PyPI version Python versions License CI Downloads Code style: ruff

Professional forex tick data preprocessing with unified single-file DuckDB storage. Provides incremental updates, dual-variant storage (Raw_Spread + Standard), and Phase7 9-column OHLC schema with sub-15ms query performance.

Features

  • Unified Single-File Architecture: One DuckDB file per instrument (eurusd.duckdb)
  • Incremental Updates: Automatic gap detection and download only missing months
  • Dual-Variant Storage: Raw_Spread (primary) + Standard (reference) in same database
  • Phase7 OHLC Schema: 9-column bars with dual spreads and dual tick counts
  • Fast Queries: Date range queries with sub-15ms performance
  • On-Demand Resampling: Any timeframe (5m, 1h, 1d) resampled in <15ms
  • PRIMARY KEY Constraints: Prevents duplicate data during incremental updates
  • Simple API: Clean Python API for all operations

Installation

# From PyPI (when published)
pip install exness-data-preprocess

# From source
git clone https://github.com/Eon-Labs/exness-data-preprocess.git
cd exness-data-preprocess
pip install -e .

# Using uv (recommended)
uv pip install exness-data-preprocess

Quick Start

Python API

import exness_data_preprocess as edp

# Initialize processor
processor = edp.ExnessDataProcessor(base_dir="~/eon/exness-data")
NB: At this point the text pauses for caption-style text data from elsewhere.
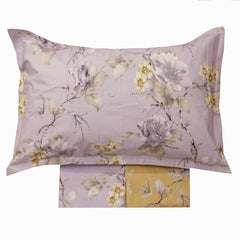 Lenzuolo copriletto matrimoniale Atelier 31, di Tessitura Randi, in percalle di puro cotone. Romantica fantasia con fiori chiari su fondo glicine. La fantasia con fondo glicine è presente sul lenzuolo di sopra e sulle federe. Il risvolto del lenzuolo di sopra è stampato, essendo un lenzuolo copriletto. Il lenzuolo con angoli presenta la stessa fantasia ma con fondo giallo ocra.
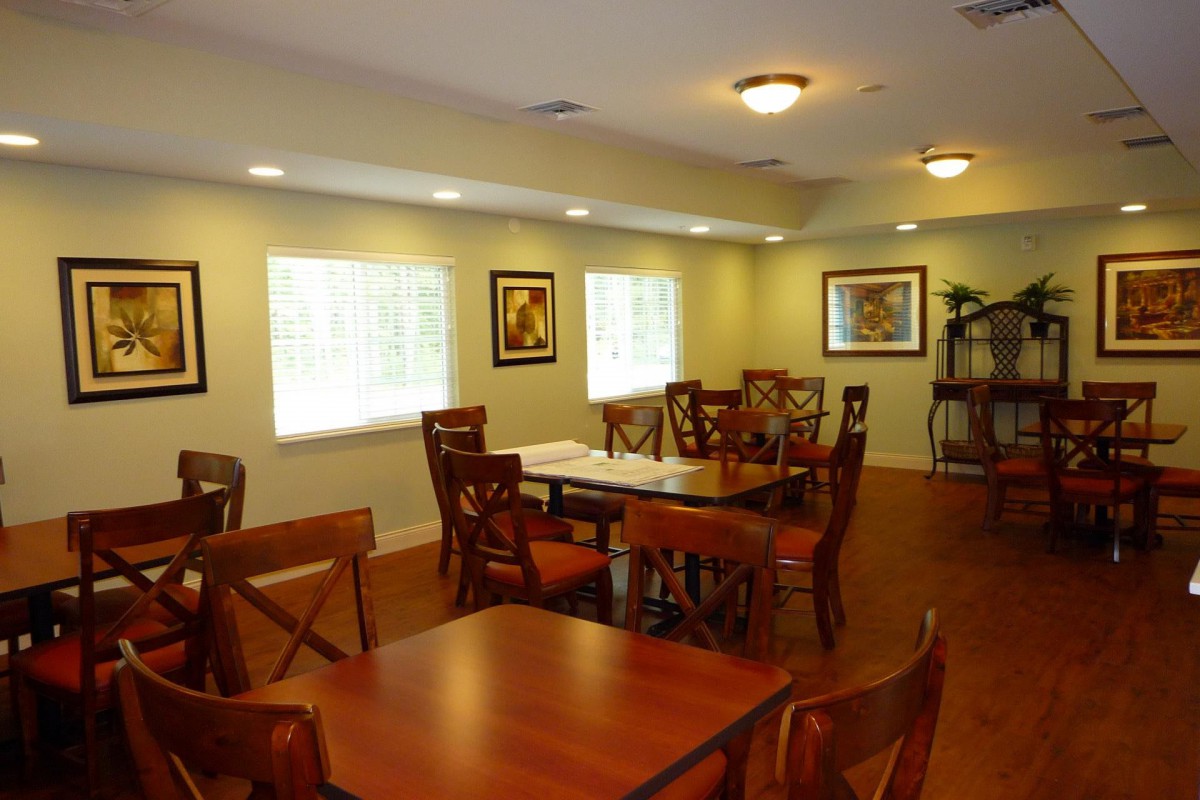 A cozy dining room with wooden tables and chairs, complemented by artwork on the walls and ample natural light.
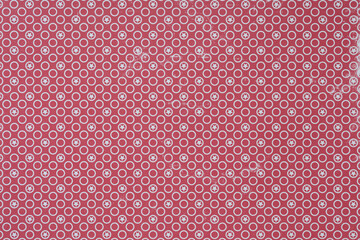 red paper with circle or dot pattern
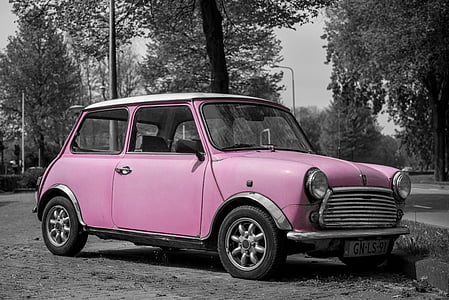 selective color photography of pink 3-door hatchback thumbnail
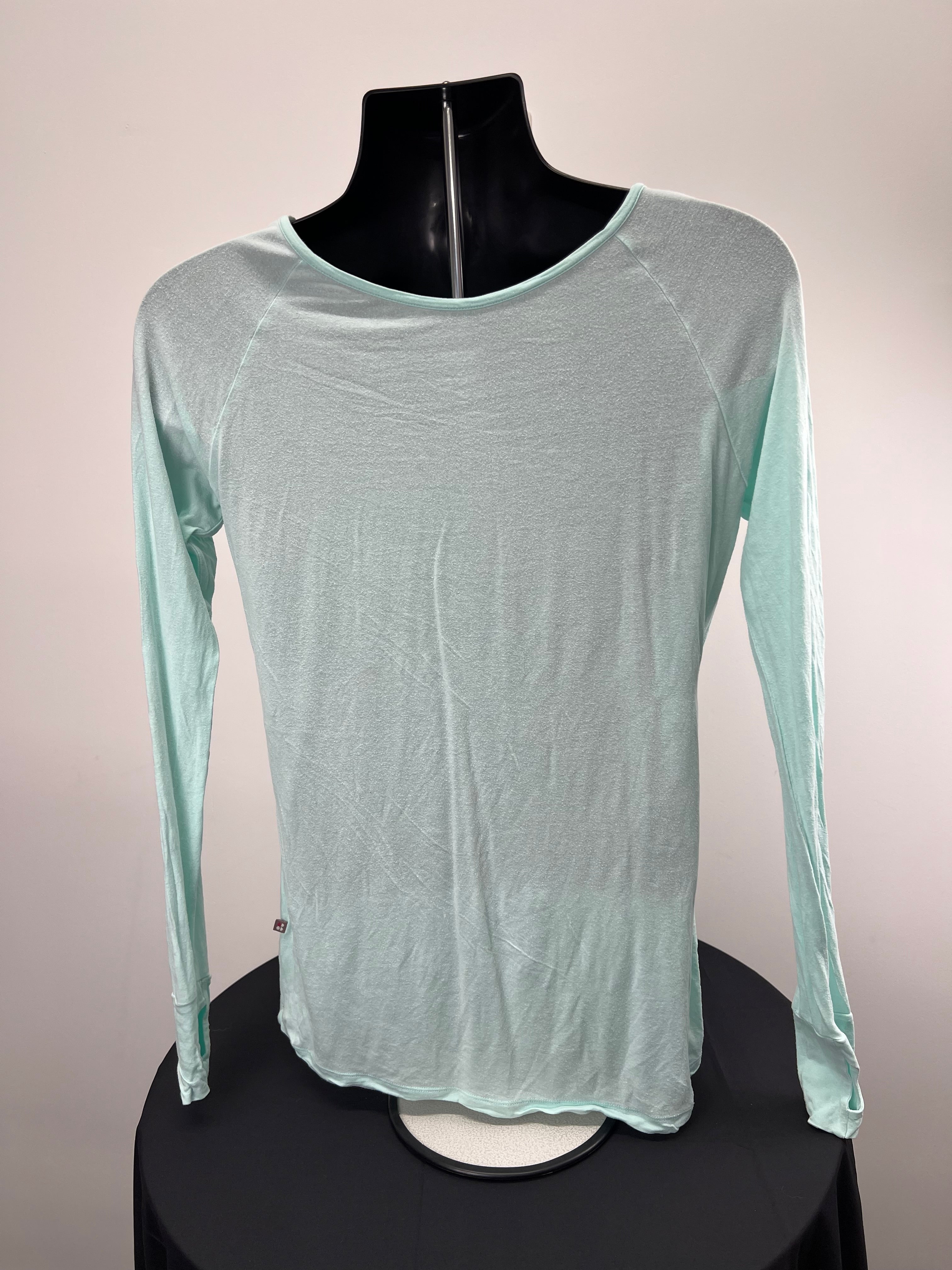 Back view of light green Sweaty Betty long sleeve top showing relaxed fit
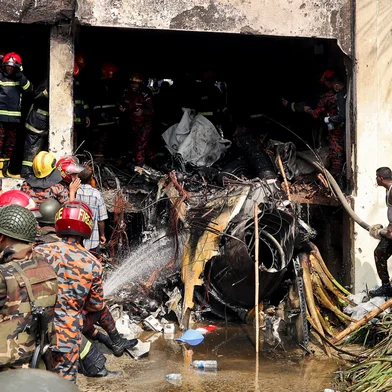 Bangladesh's fire service and security personnel conduct a search and rescue operation after an Air Force training jet crashed into school in Dhaka on July 21, 2025. At least 16 people, mostly students, were killed on July 21, when a training aircraft of the Bangladesh Air Force crashed into a school campus in the capital Dhaka, the government said. (Photo by Abdul Goni / AFP)<!-- NICAID(16084467) -->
# Download 3 years of EURUSD data (automatic gap detection)
result = processor.update_data(
    pair="EURUSD",
    start_date="2022-01-01",
    delete_zip=True,
)

print(f"Months added:  {result['months_added']}")
print(f"Raw ticks:     {result['raw_ticks_added']:,}")
print(f"Standard ticks: {result['standard_ticks_added']:,}")
print(f"OHLC bars:     {result['ohlc_bars']:,}")
print(f"Database size: {result['duckdb_size_mb']:.2f} MB")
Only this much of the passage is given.